The correlation between the scores obtained from the RAPA and LEIPAD questionnaires varied from low to moderate, suggesting a positive correlation of the same magnitude. This finding supports the concurrent validity of the questionnaire, aligning with the results of previous studies conducted in this field. CHAMPS was used to assess the validity of the original version of RAPA and the results showed there is a significant correlation between RAPA and CHAMPS ( r  = 0.54). Results of the Portuguese version of RAPA showed that lower levels of physical activity were associated with worse self-report disability and slower speed [ 8 ]. Validity of the Mexican-American-Spanish version of RAPA was determined by assessing the correlation between RAPA data and the accelerometer as a direct measure of physical activity level. There was a significant relationship between RAPA and moderate and vigorous minutes of physical activity, indicating RAPA validity [ 10 ]. The Turkish version of the RAPA showed acceptable concurrent validity, because there were positive correlations between the RAPA, International Physical Activity Questionnaire- Short Form and Physical Activity Scale for the older people [ 9 ]. Although we did not use the direct physical activity tools mentioned in other studies, the present results also showed that RAPA was significantly associated with health outcomes.

In this study, the test-retest reliability of the RAPA was assessed. ICC for the RAPA was calculated to be 0.94, indicating very good test-retest reliability. In the original study of the RAPA, the test–retest was not evaluated. But in Turkish version, the weighted kappa coefficients exceeded 0.81 for both parts of RAPA, the aerobic score and strength and flexibility score, showing that the test–retest reliability was very good [ 9 ]. In contrast, the Chilian version, was not an authorized translation, and did not follow the prescribed translation and validation process required by the developer, exhibited an ICC that was lower than the favorable stability. As did the Portuguese version, which showed a moderate test–retest reliability with a weighted κ = 0.67 [ 8 ].

Based on the findings of this study, RAPA is a reliable and valid instrument that features a short completion time, capability of use in different settings, simple scoring, and suitable reliability and validity, and is a useful tool.

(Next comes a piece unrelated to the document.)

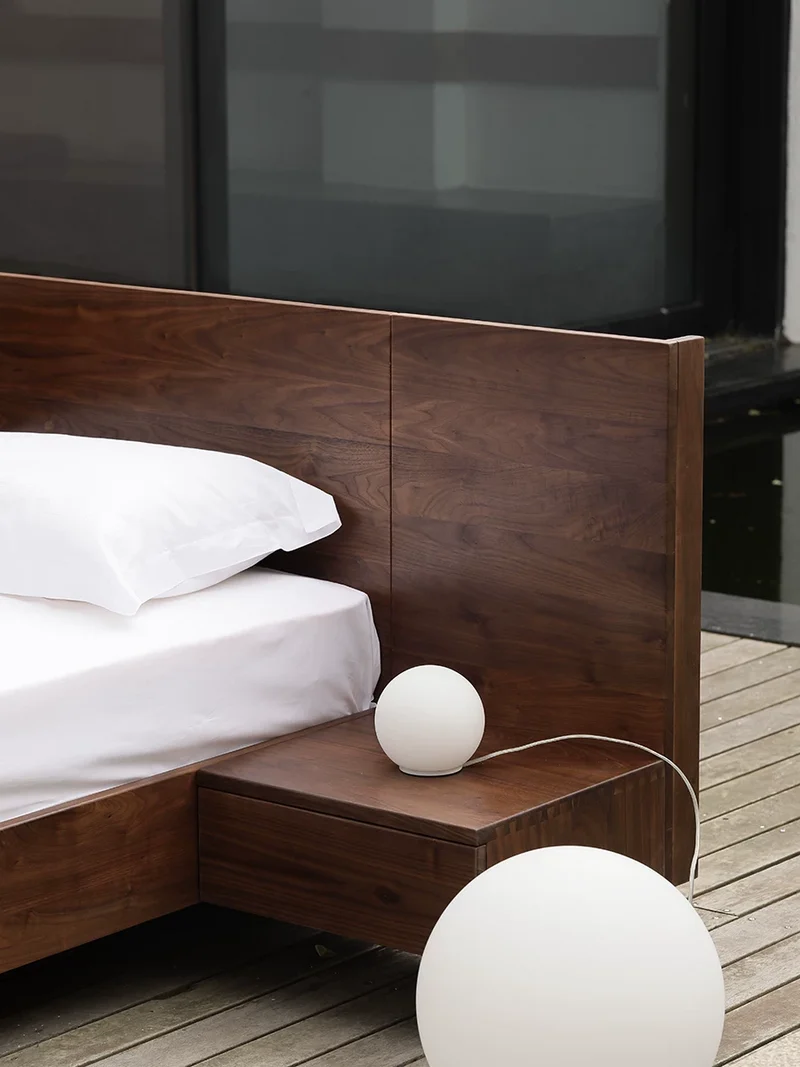 Base Timber Floating Walnut Platform Bed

This study had limitations. First, all of the tools used to assess the validity were self-report.

Although these questionnaires were recognized as valid and standard tools, objective tools such as accelerometers or pedometers may provide more accurate information on the validity of the Persian version of RAPA. Second, sampling carried out only in the retirement centers in this study reduces the generalizability of the findings. In future studies, it is also recommended that researchers focus on the sensitivity and specificity of the questionnaire.

Conclusions

The findings of this study suggest that the RAPA questionnaire has good psychometric properties for use with older Iranian adults. The RAPA was originally developed for use by genentologist to prompt talking with their patients about the need to engage in physical activity, however, it has been shown to be is appropriate for use to measure amount and type of physical activity as well as health outcomes in both research and clinical settings.

Data availability

The datasets utilized and/or analyzed during the present study are available from the corresponding author upon reasonable request.

Abbreviations

Iterative reliability coefficient

Rapid Assessment of Physical Activity

Activities-Specific Balance Confidence scale

Leiden-Padua

Gill DL, Hammond CC, Reifsteck EJ, Jehu CM, Williams RA, Adams MM, et al. Physical activity and quality of life. J Prev Med Public Health. 2013;46(Suppl 1):S28.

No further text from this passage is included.